WHAT TO WORK ON
Give again, unaltered, the line with "White house with" and all lines that follow it in the listing below, minus any pictures.

+---+

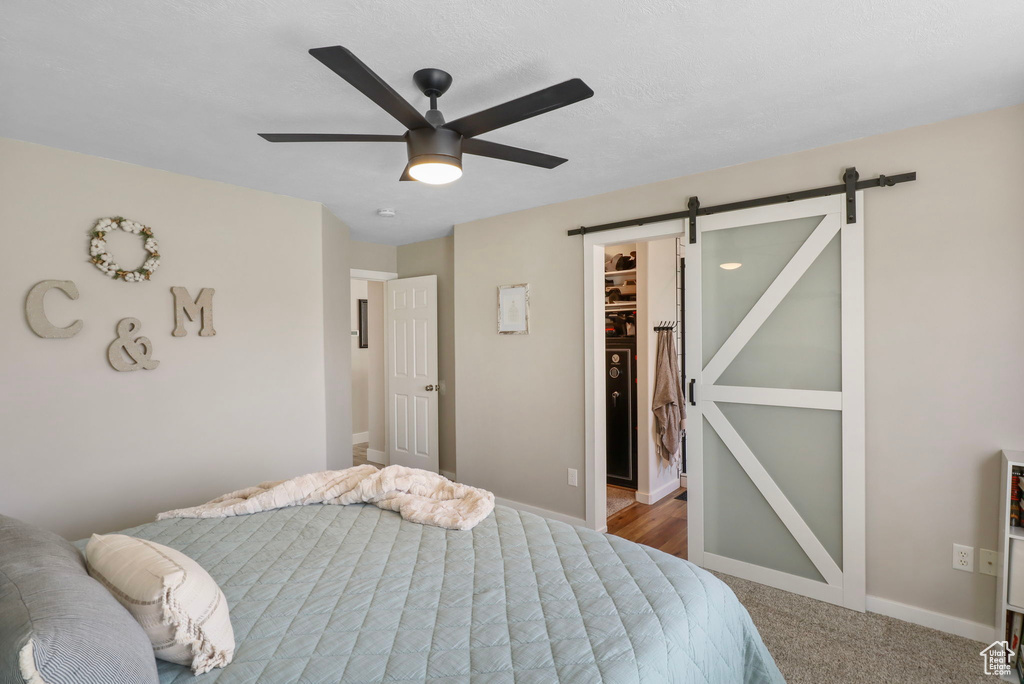 Bedroom with a barn door, a spacious closet, ceiling fan, carpet flooring, and a closet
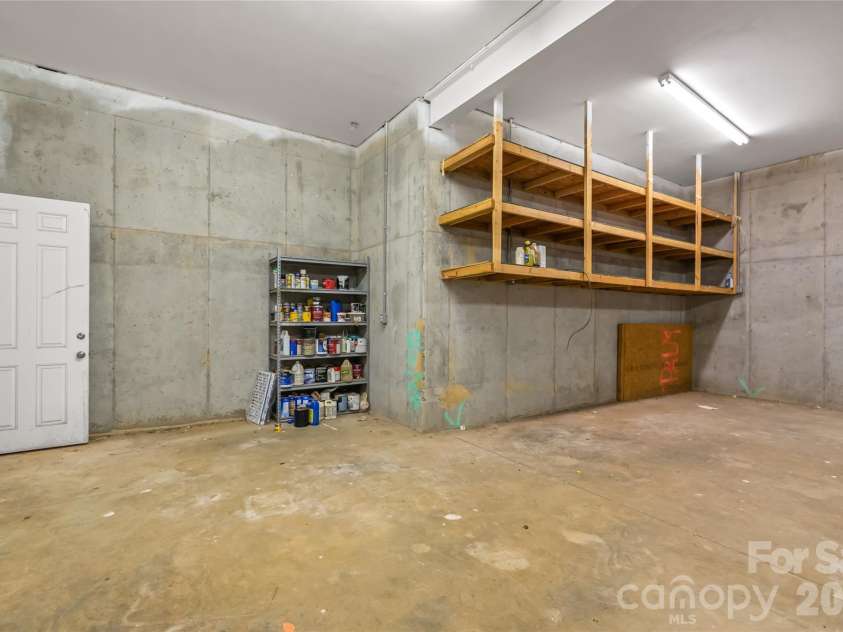 424 Rollingbrook Road, Kings Mountain, NC 28086.  MLS# CAR4318684, YatesRealty ID 3237. Basement level 2-bay garage with elevated ceiling.  Steel I-beam supported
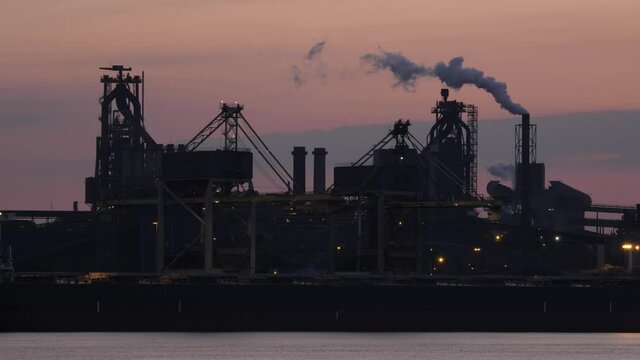 Tata Steel in IJmuiden in the early morning with smoking industrial towers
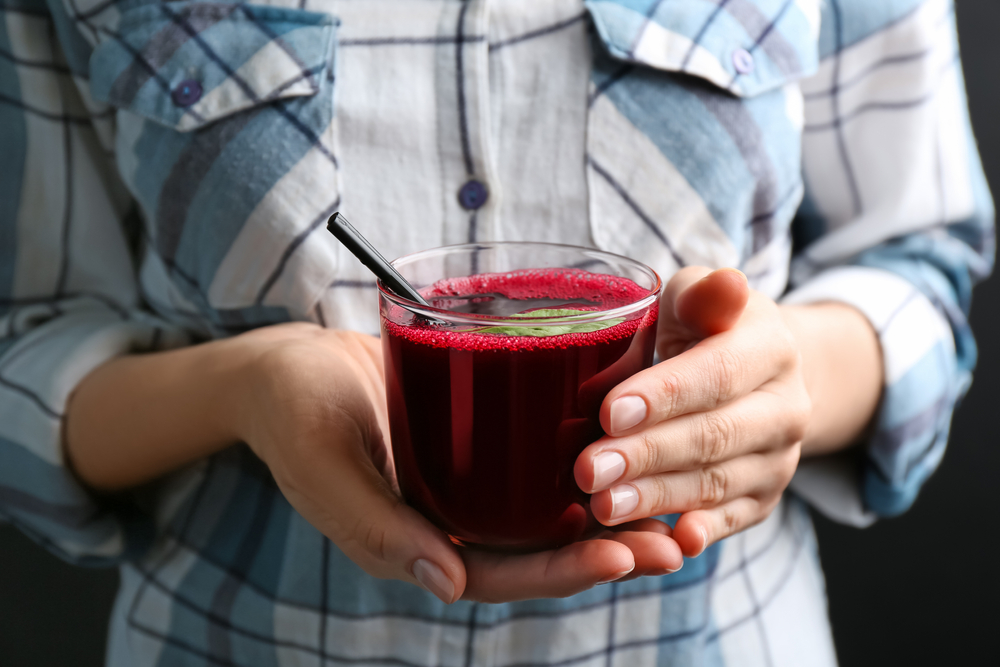 Woman with glass of fresh beet juice, closeup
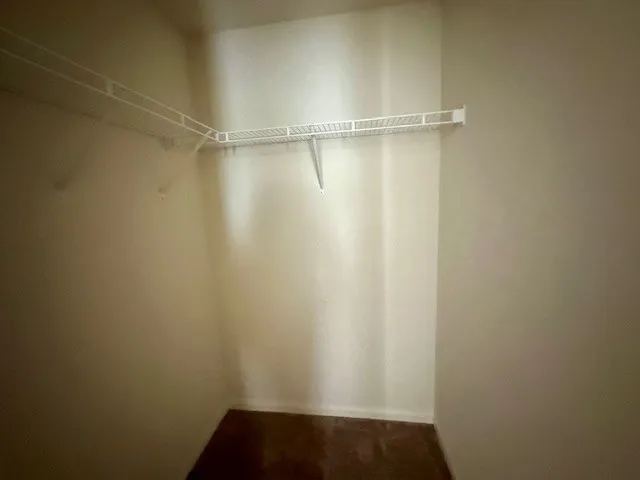 a view of a big room with a ceiling fan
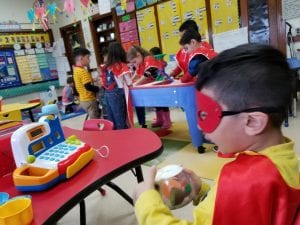Here is another one of our little superheros enjoying using the cash register during recess!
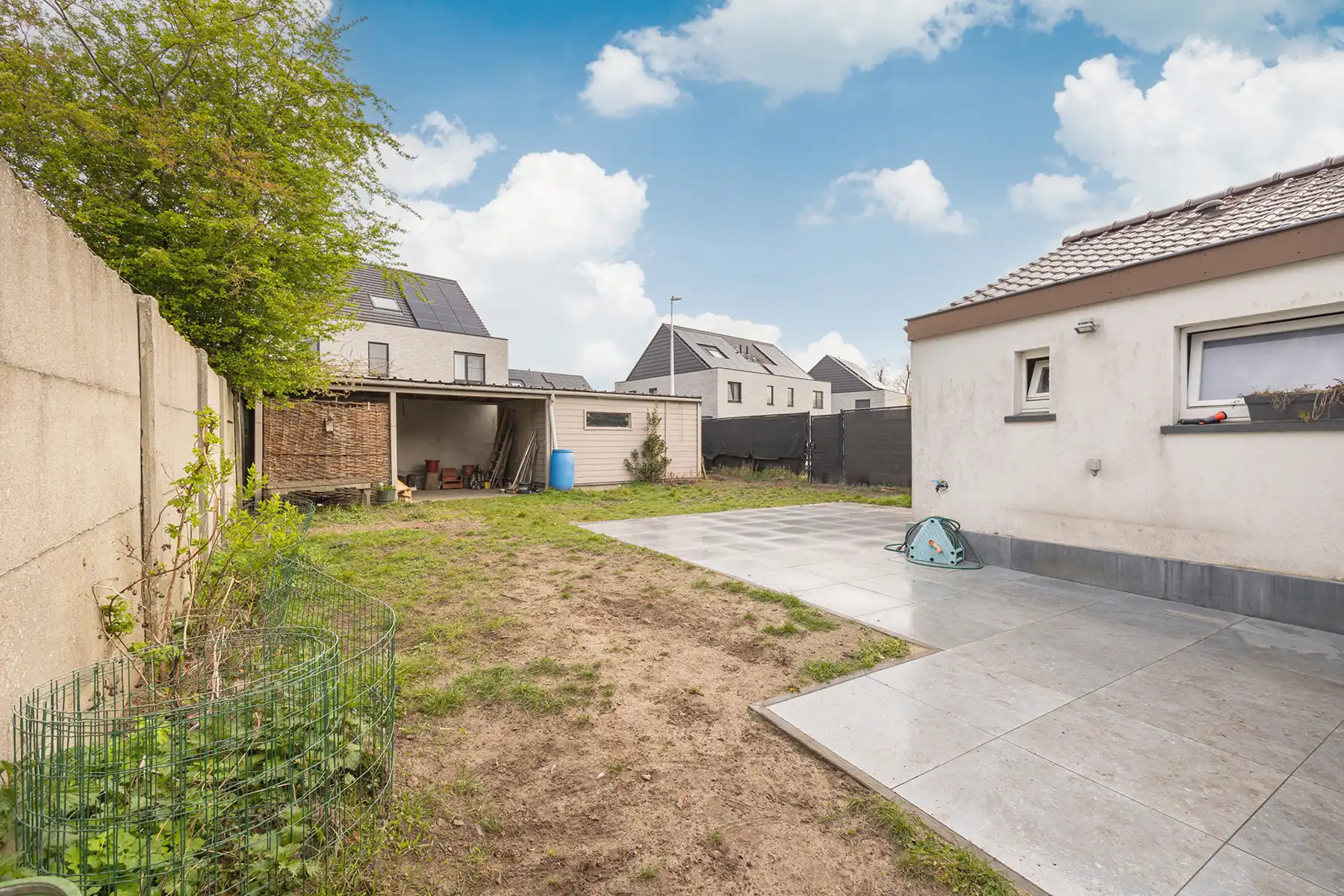 Instapklare open bebouwing in het hart van Kalken foto 14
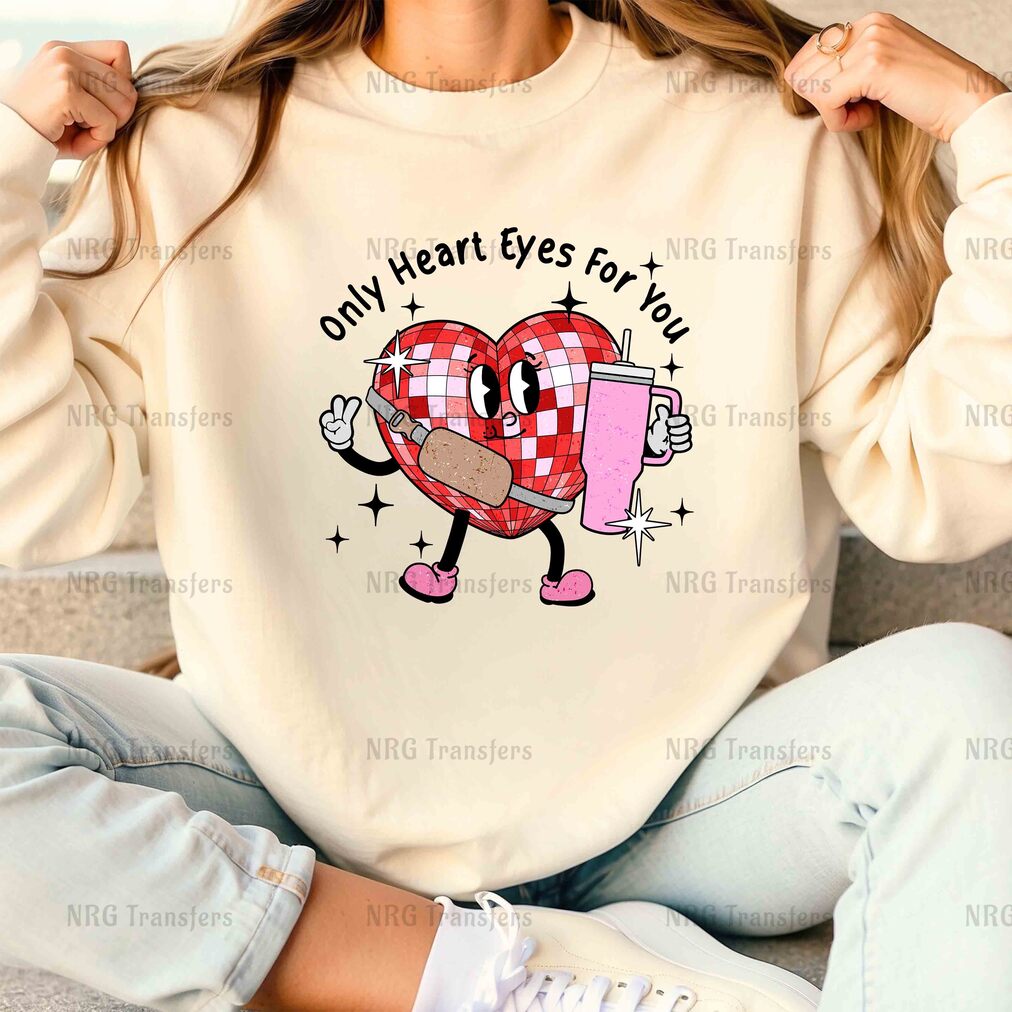 a woman wearing a sweatshirt with a heart on it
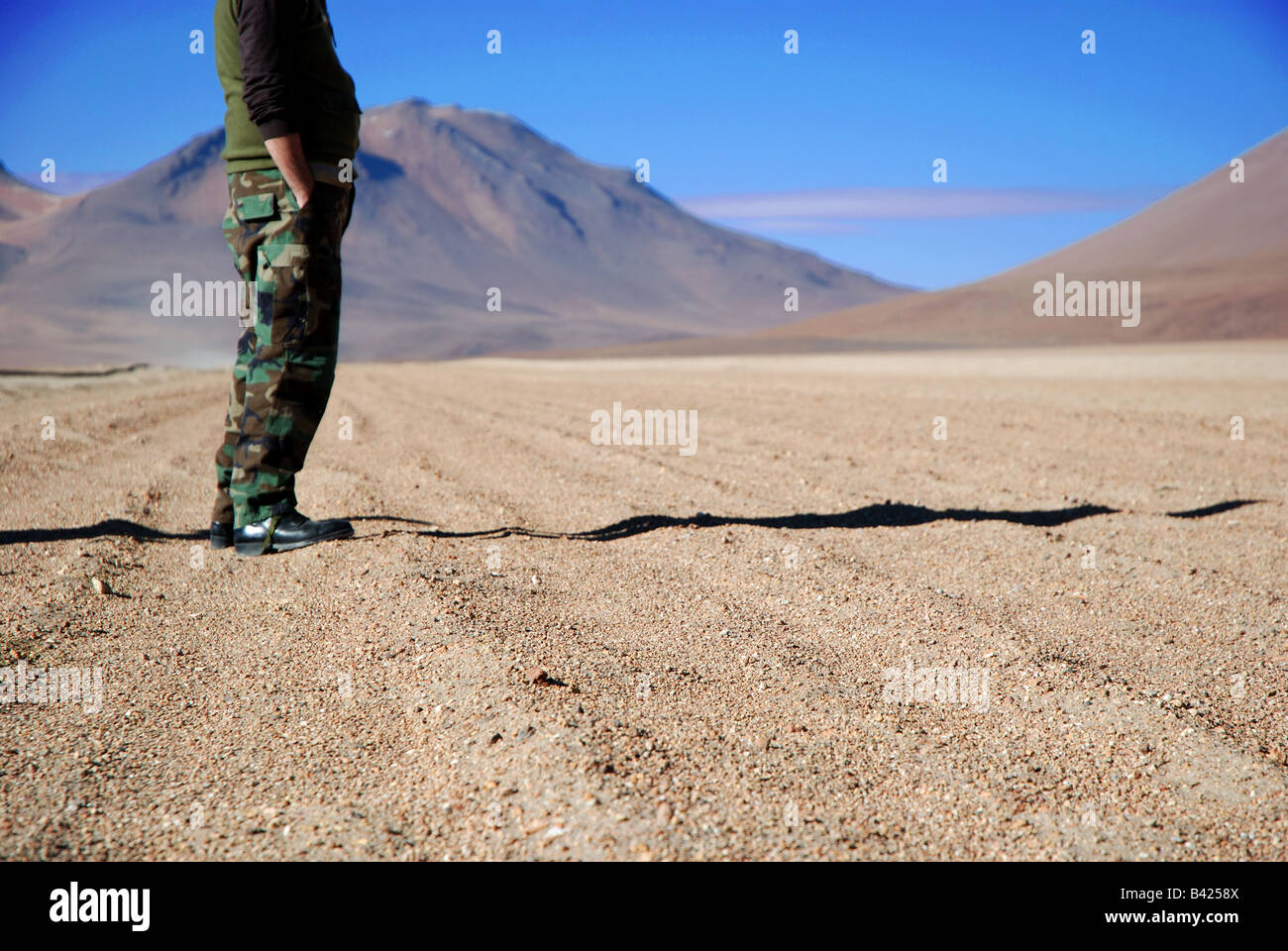 Hombre de pie sobre la arena de Eduardo Avaroa Reserva Nacional de Fauna Andina, Bolivia Foto de stock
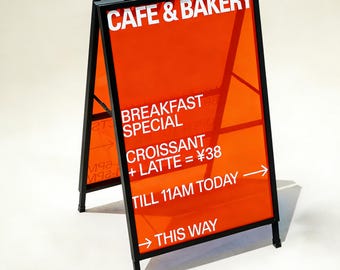 May include: A-frame sign advertising a cafe and bakery. The sign features a black frame and orange translucent panels. White text reads "CAFE & BAKERY", "BREAKFAST SPECIAL", "CROISSANT + LATTE", and "THIS WAY". The sign is angled towards the viewer.
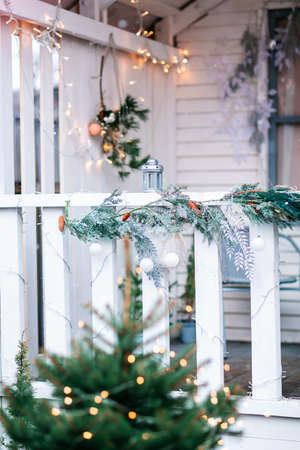 White house with porch decorated with Christmas decorations and Christmas tree. Spruce garlands around the door. Beautiful winter terrace of the house with garlands and lights.の写真素材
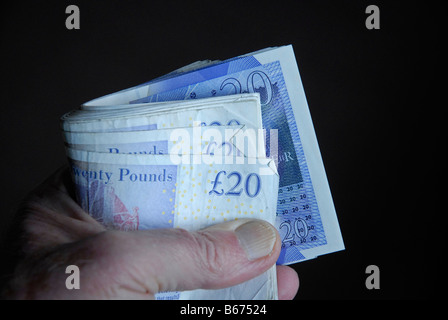 Poignée d'anglais £20 billets détenus dans un rouleau Banque D'Images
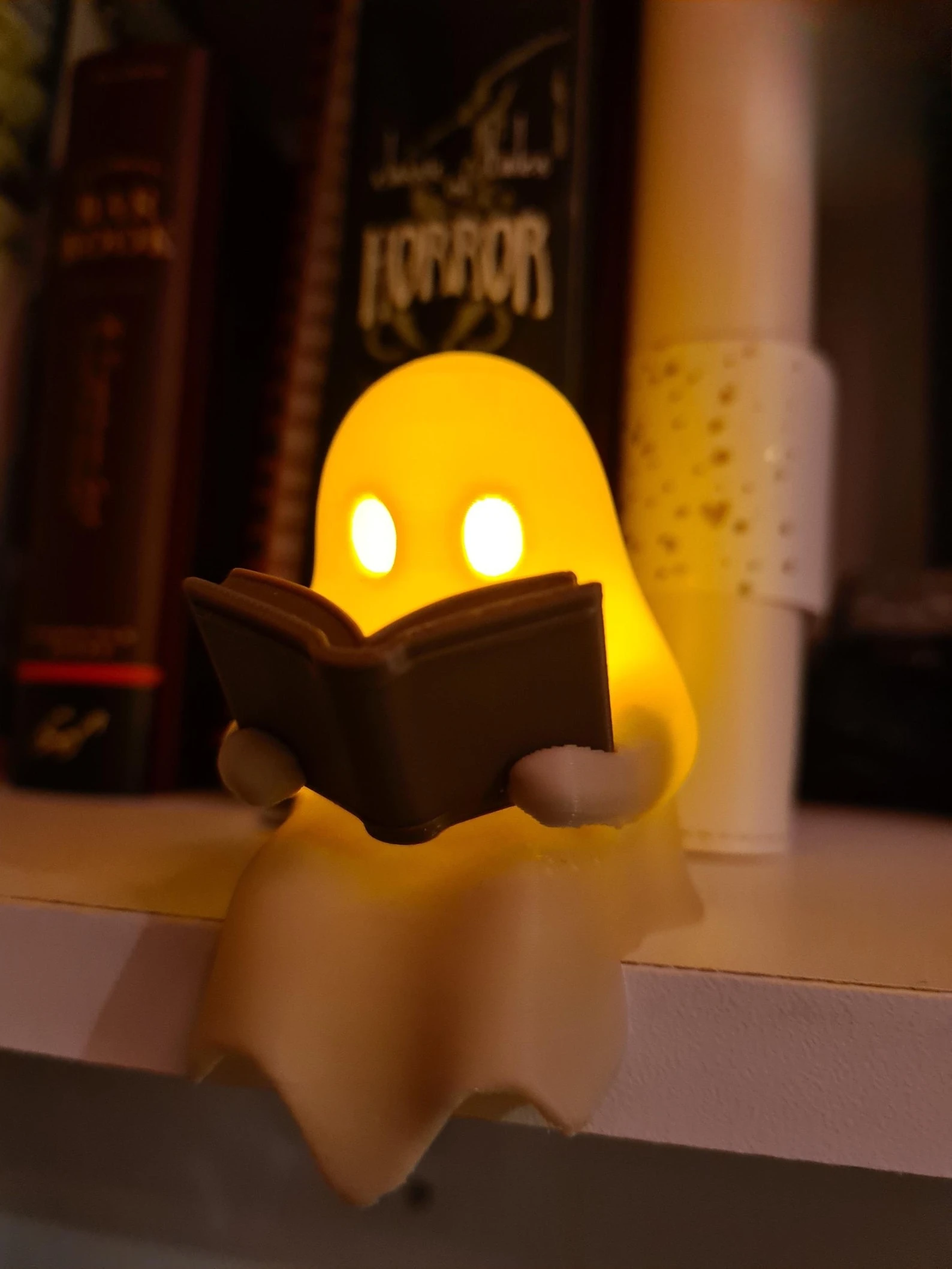 Halloween Party Decoration Favors Cute Little Ghost Sitting on A Shelf Reading A Book with Flickering Ornament Gift Spooky Idea view 2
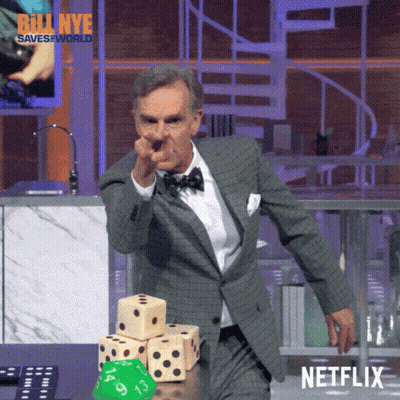 Man In Suit And Bow Tie Pointing At Dice Stack Netflix Logo GIF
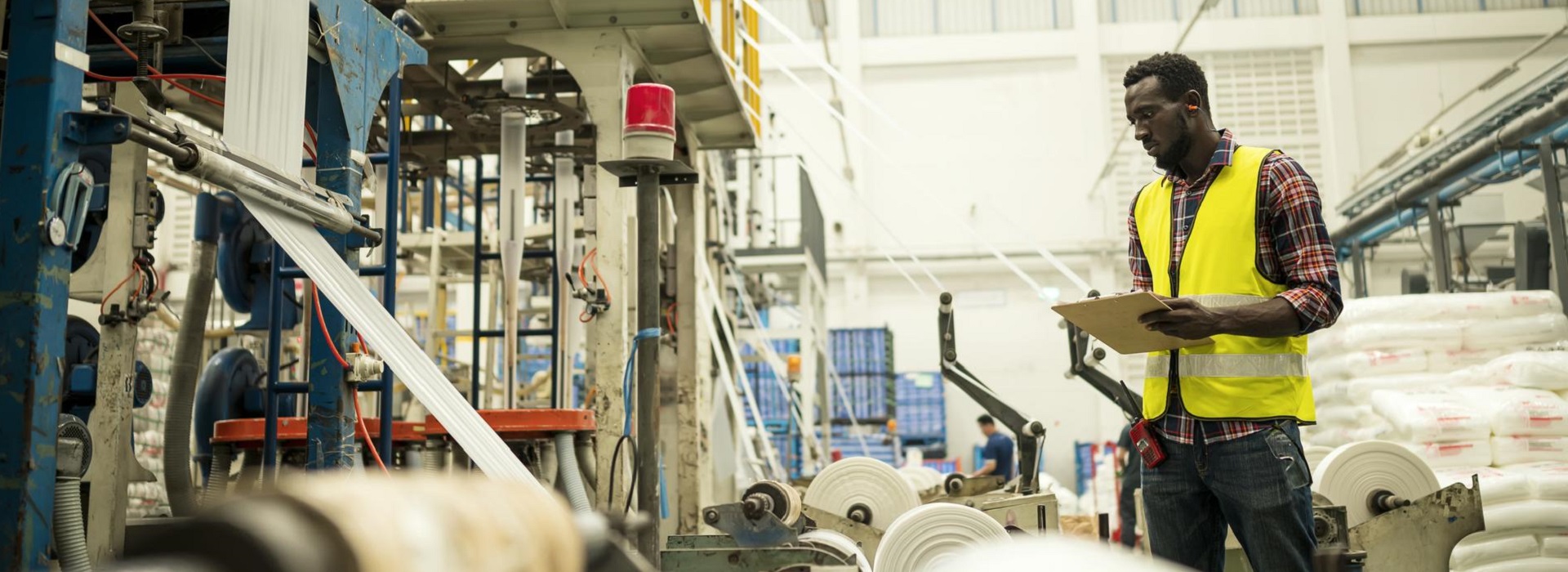 Un tecnico con gilet giallo controlla il funzionamento dei macchinari in un'industria cartaria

+---+

SOLUTION BELOW
 White house with porch decorated with Christmas decorations and Christmas tree. Spruce garlands around the door. Beautiful winter terrace of the house with garlands and lights.の写真素材
 Poignée d'anglais £20 billets détenus dans un rouleau Banque D'Images
 Halloween Party Decoration Favors Cute Little Ghost Sitting on A Shelf Reading A Book with Flickering Ornament Gift Spooky Idea view 2
 Man In Suit And Bow Tie Pointing At Dice Stack Netflix Logo GIF
 Un tecnico con gilet giallo controlla il funzionamento dei macchinari in un'industria cartaria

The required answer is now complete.